Of course, much of this is also open to interpretation. For example, what's a “risk,” and what's “reasonable”? For that matter, what's “safe”? And how do you know if your partner is feeling good? These are valid questions, but none of them have simple answers. We'll continue to address them as we make our way through this journey together.
But remember, whether you agree or disagree with my values, what matters is that you know what your
own
values are. Once you know what you believe about sexuality, you build up an immunity to shame. How? Just do your best to act according to your beliefs. (Hint: If that seems impossible, you may want to check in with yourself to make sure your values are realistic and allow for you to be a messy, complicated person.

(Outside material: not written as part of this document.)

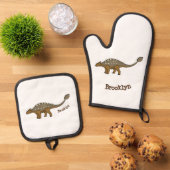 アンキロザウルス装甲恐竜イラストレーション 鍋つかみ&鍋敷きセット (トップダウン)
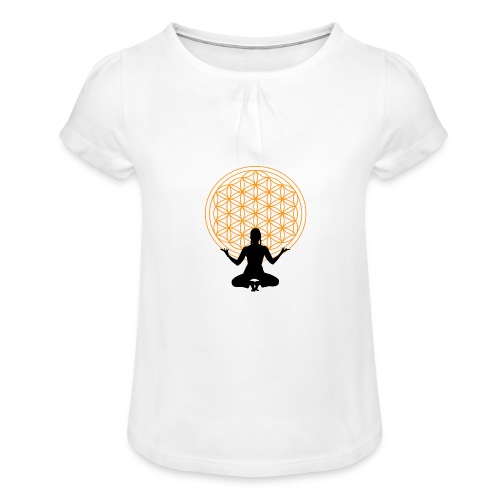 fleur de vie yoga 3 - T-shirt à fronces au col Fille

Because we're all messy and complicated at least some of the time.)
If you know what your sexual values are and adhere to them most of the time, then it's going to be a lot harder for other people to make you feel shame.
Dive In:
Write a sexual mission statement. This should be a paragraph expressing what you believe about sexuality. Be sure to answer the following questions: What do you have the right to, sexually? What are your responsibilities when it comes to sex? What about your partners' rights and responsibilities? What's the most important thing you seek from sexual exploration or expression? What do you never want to seek from sexuality? What does no one have the right to do when it comes to sex?
Now, write a list of five times you've felt sex-related shame. Circle two of those five that felt particularly intense. Then pick one, and write out the story of what happened—what did you do or not do that triggered the shame? Did someone try to shame you for it directly, or did the shame come from the inside, from something you'd previously absorbed? Describe the shame you felt as specifically as you can. Now read back over your sexual mission statement, and apply it to this situation. Do you now, in the present tense, think you did anything wrong then?